Die Reihenfolge der Kreuzesworte beschreibt auch einen inneren Weg des sterbenden Jesus: Er beginnt mit der Versöhnung und führt über die Frage nach dem „Warum“ zur Einwilligung in den eigenen Tod.
Aus den Kreuzesworten entwickelte sich Anfang des 18. Jahrhunderts bei den Jesuiten in Lima eine außerliturgische Andachtsform, die am Karfreitag von 12 bis 15 Uhr gehalten wurde und deshalb Tres horas (drei Stunden) hieß. Der Brauch verbreitete sich über die spanischsprechenden Länder in Amerika bis nach Europa. Da es sich nicht um (katholische) Liturgie im strengen Sinne handelte, wurden dabei entgegen den Regeln für Gottesdienste am Karfreitag auch Musikinstrumente verwendet – so bestellte der Priester (und Marquis) José Saenz de Santamaría für „seine“ Grotte (von ihm erbaut und prächtig ausgestattet) auch für jedes der Kreuzesworte ein langsames meditatives Musikstück bei dem berühmtesten Komponisten seiner Zeit – wer hat, der hat. Aufgeführt wurde es dort am Karfreitag 1787:
„Man überzog an dem bestimmten Tage die Wände, Fenster und Pfeiler der Kirche mit schwarzem Tuche, und nur eine in der Mitte hängende Lampe von großem Umfange erleuchtete das heilige Dunkel. Zu einer bestimmten Stunde wurden alle Thüren verschlossen, und die Musik begann. Nach einem zweckmäßigen Vorspiele bestieg der Bischof die Kanzel, sprach eines der sieben Worte aus, und stellte eine Betrachtung darüber an. Sobald sie geendiget war, stieg er von der Kanzel herab, und fiel knieend vor dem Altar nieder. Die Musik füllte diese Pause aus. Der Bischof betrat zum zweyten-, drittenmale u. s. w. die Kanzel, und jedesmal fiel das Orchester nach dem Schlusse der Rede wieder ein. Es war gewiß eine der schwersten Aufgaben, ohne untergelegten Text, aus freyer Phantasie, sieben Adagios auf einander folgen zu lassen, die den Zuhörer nicht ermüden, und in ihm alle Empfindungen wecken sollten, welche im Sinne eines jeden von dem sterbenden Erlöser ausgesprochenen Wortes lagen. Haydn erklärte so auch öfters diese Arbeit für eine seiner gelungensten.“
Nicht nur der Auftraggeber war an der Entstehung dieses Werkes beteiligt, auch der Herausgeber und Verleger Artaria in Wien sprach ein Wort mit: Haydn musste neben der Orchesterfassung auch eine Fassung für Streichquartett komponierte. Außerdem gab es eine Klavierfassung, die Haydn nicht selbst geschrieben, aber ausdrücklich autorisiert hat:
„… unter anderen belobe ich den Clavierauszug, welcher sehr gut und mit besonderem Fleiß abgefaßt ist.“
Das Werk wurde so berühmt, dass auch andere es bearbeiteten: Der Passauer Domkapellmeister Joseph Friberth machte eine Oratorienfassung mit Chor daraus, Haydn hörte das Stück und meinte, er hätte wohl bessere Chorstimmen geschrieben. Voilà – 1796 wurde Haydns Oratorium uraufgeführt.

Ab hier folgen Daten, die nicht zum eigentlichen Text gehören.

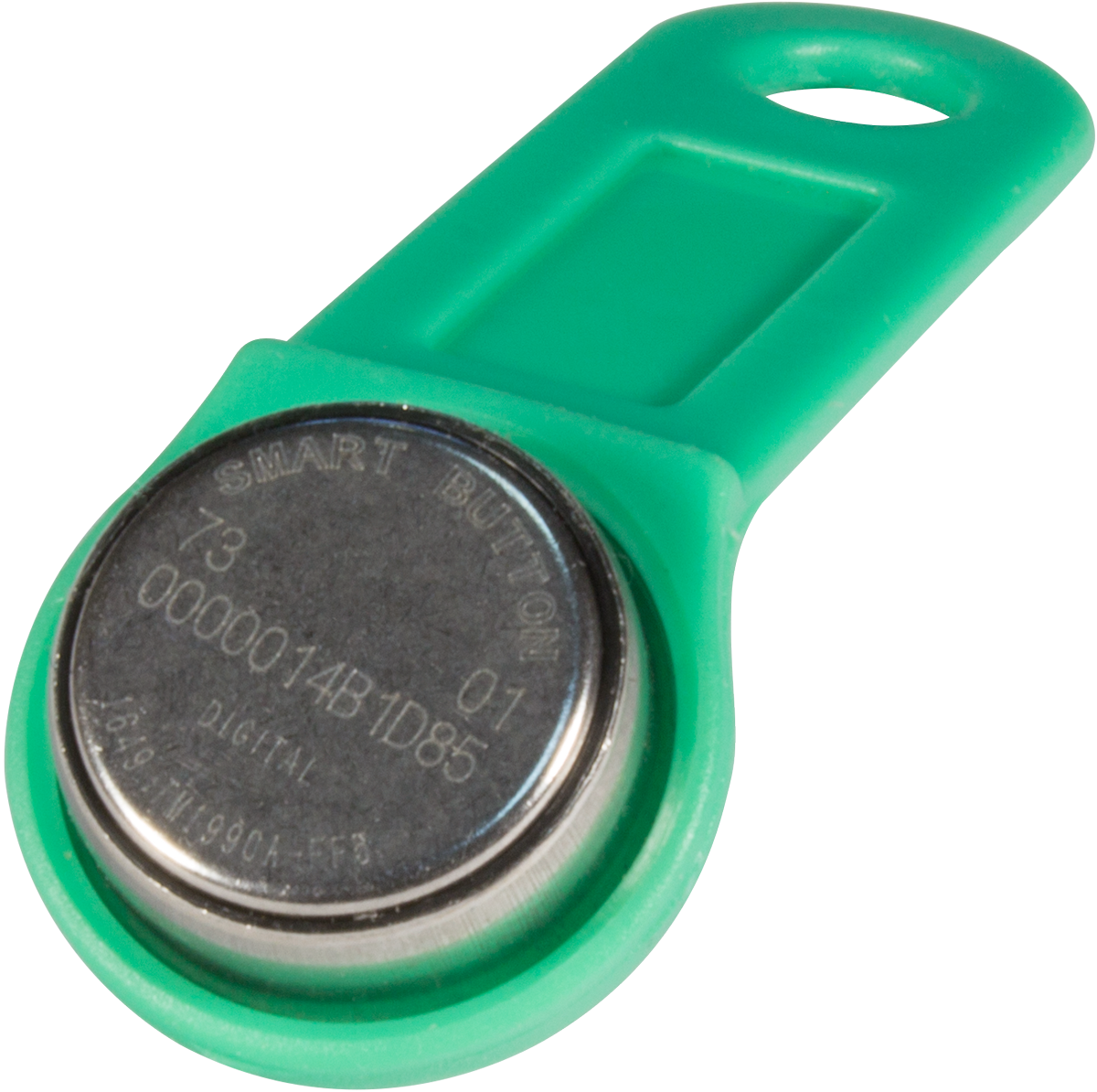 Tantos TM1990A iButton TS (зелёный)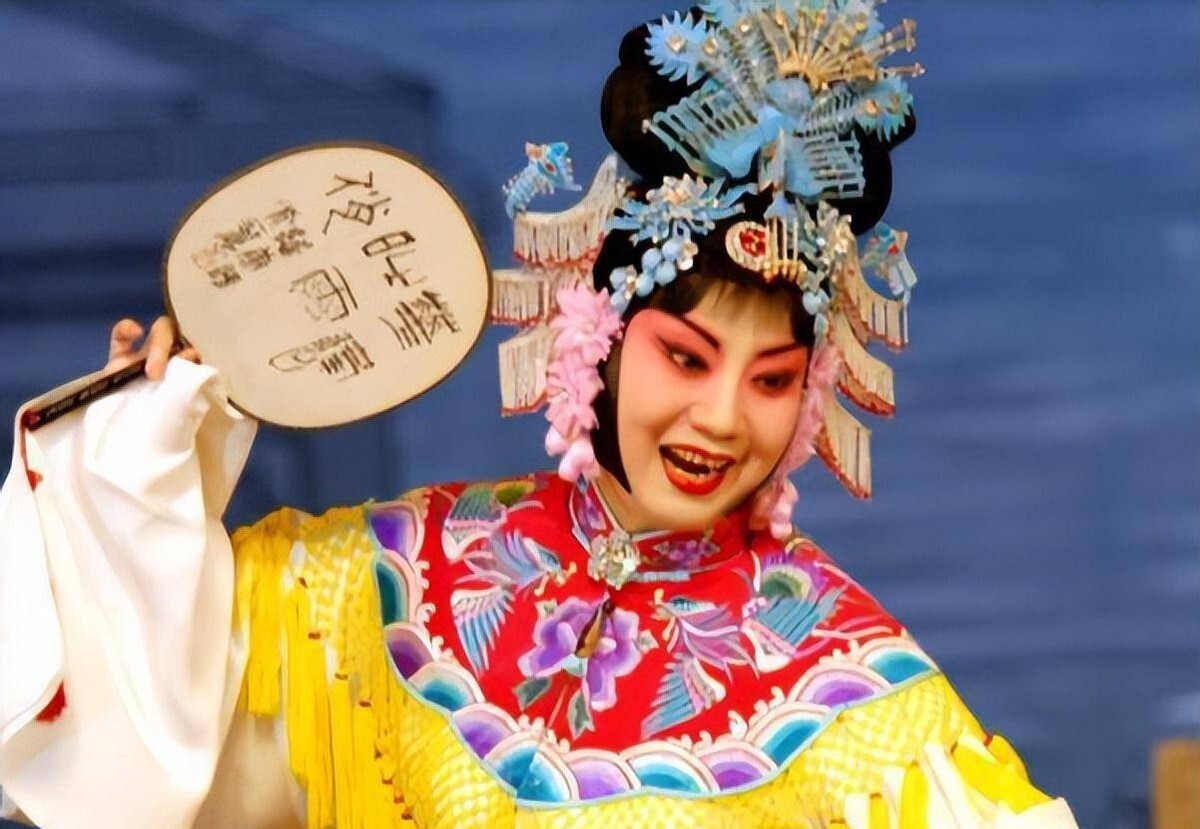 图片[20]-搞艺术的明星婚姻多奇葩？李维康也如此却成人生赢家-吃瓜网 - 吃瓜爆料|热点黑料|网红大瓜|独家爆料|抖音反差|免费吃瓜|黑料不打烊|热点大瓜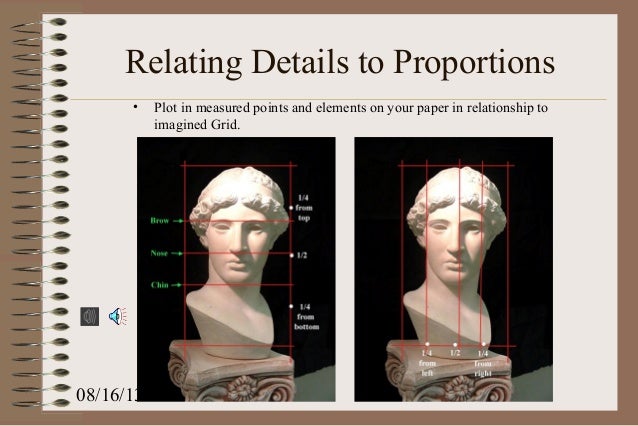 Art 1 rendering techniques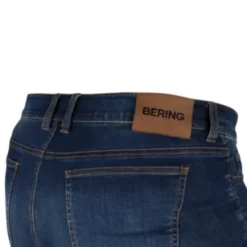 Jeans Trust Queen Size Blu
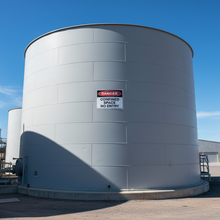 Load image into Gallery viewer, Confined Space - Storage tank
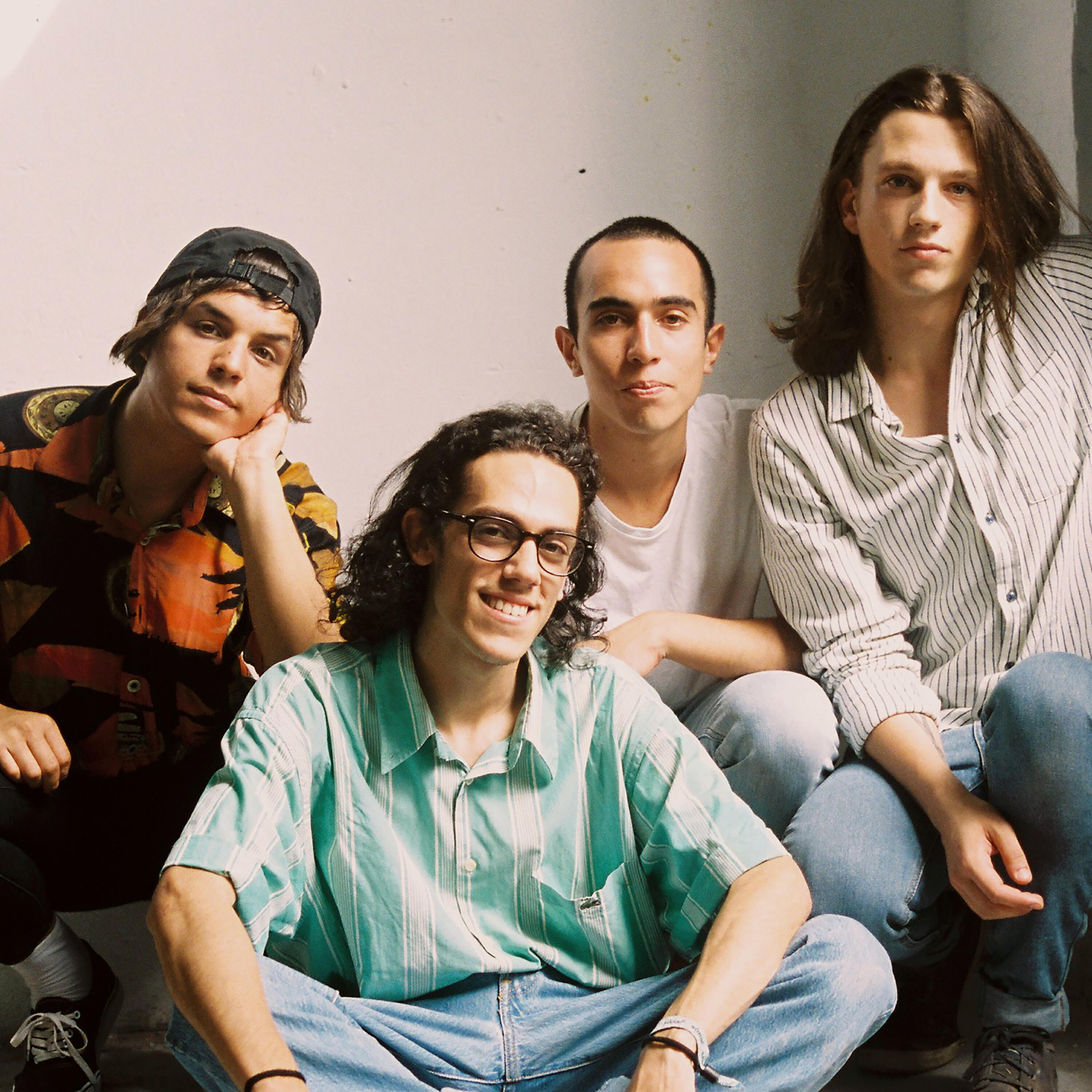 Релиз Juglar Child on the Carousel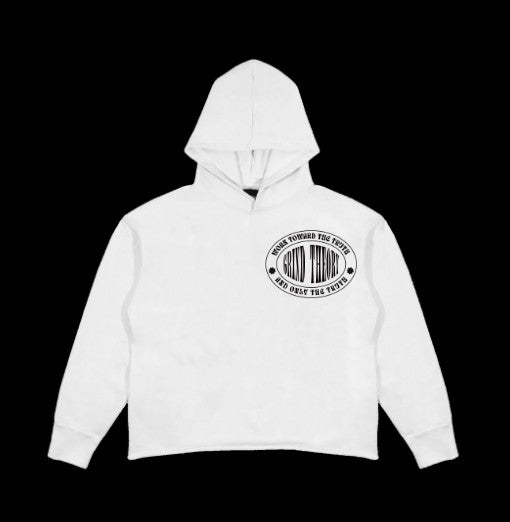 Live Life to the fullest Hoodie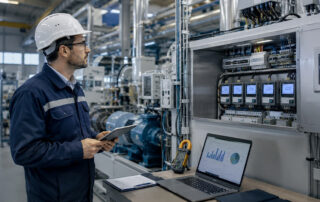 Audit energetico obbligatorio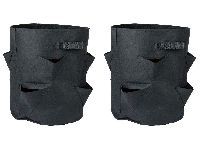 PARKSIDE® Erdbeere-Pflanzsack, 2er Set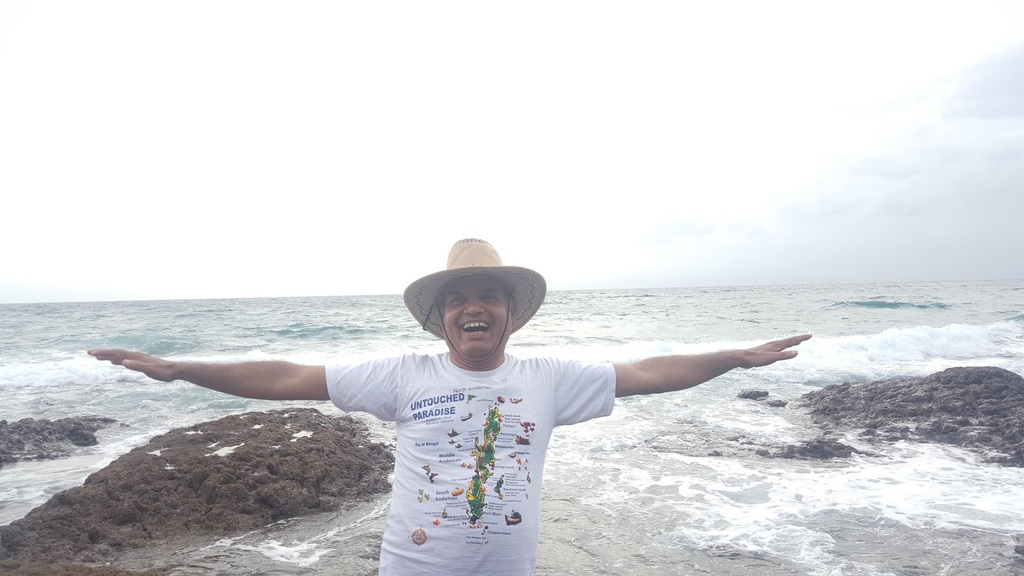 Andaman Islands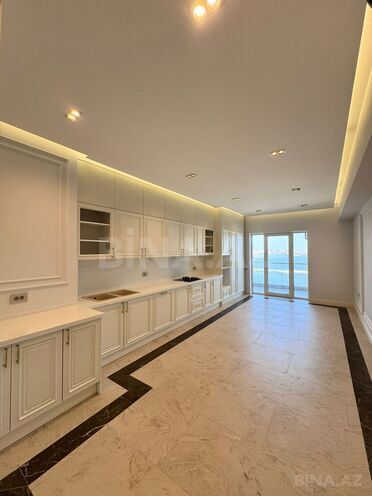 Продается 4-комн. новостройка 240 м², пос. Баилова, photo 10 from 24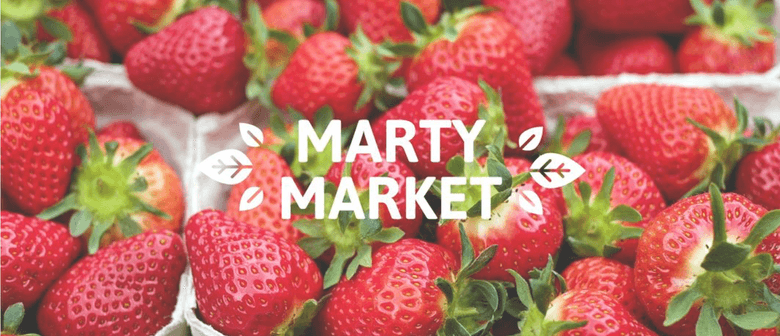 Marty Market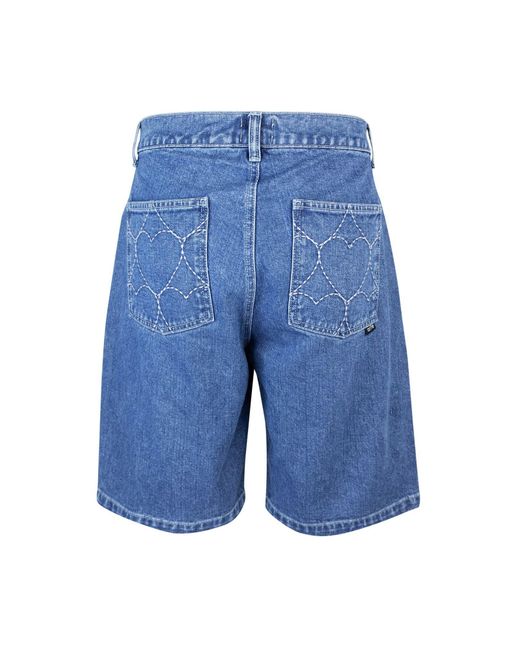 Shorts Jeans di Arte' in Blue da Uomo
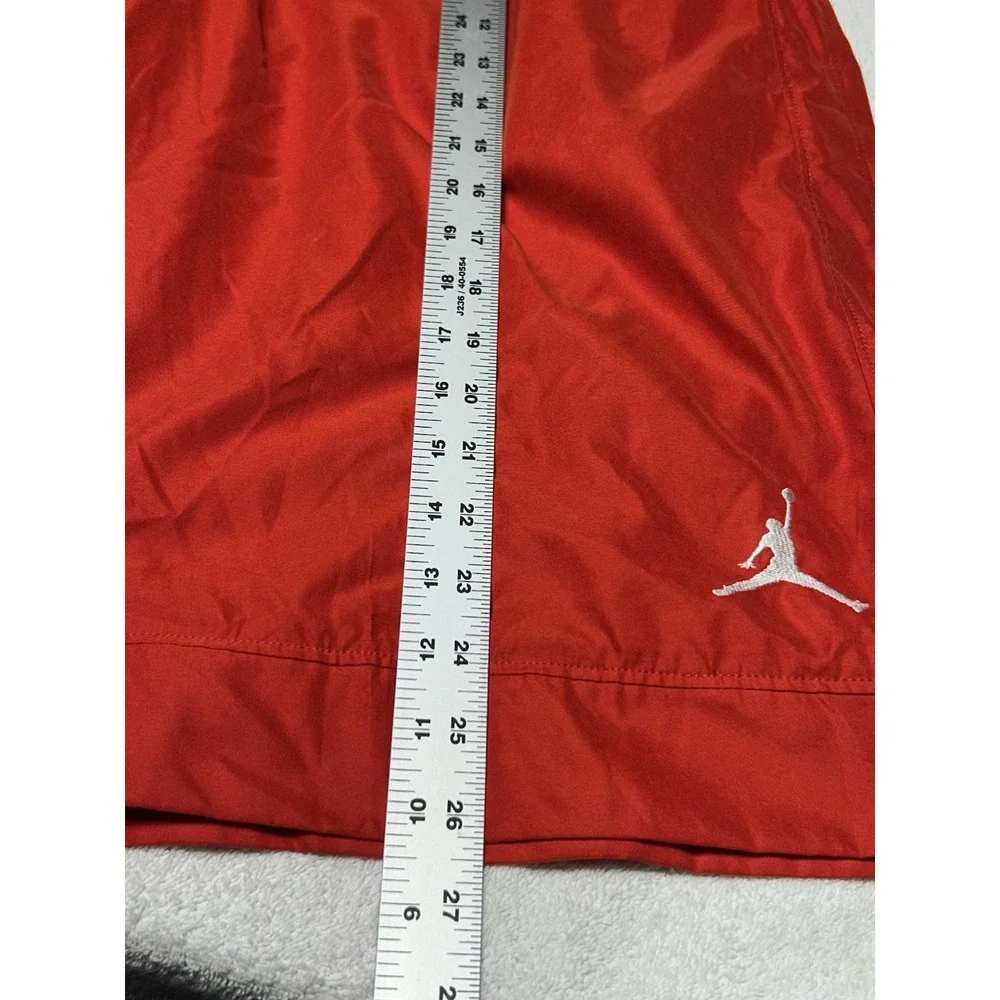 Jordan up grabs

Auch bei uns erklingt Haydn’s Musik: Nicht als „tres horas“ (nicht umsonst hat sich diese Form der Andacht nicht halten können), sondern als Musik zur Sterbestunde Jesu am Karfreitag. Das Oratorium wäre ein wenig zu groß, wir verfügen nicht über die finanziellen Mittel eines José Saenz de Santamaría. Rein instrumental ist aber sehr abstrakt. So erklingt eine „selbstgestrickte“ Fassung für Vokalensemble und Streichquartett – am 18. April um 15 Uhr in der Nachfolge-Christi-Kirche.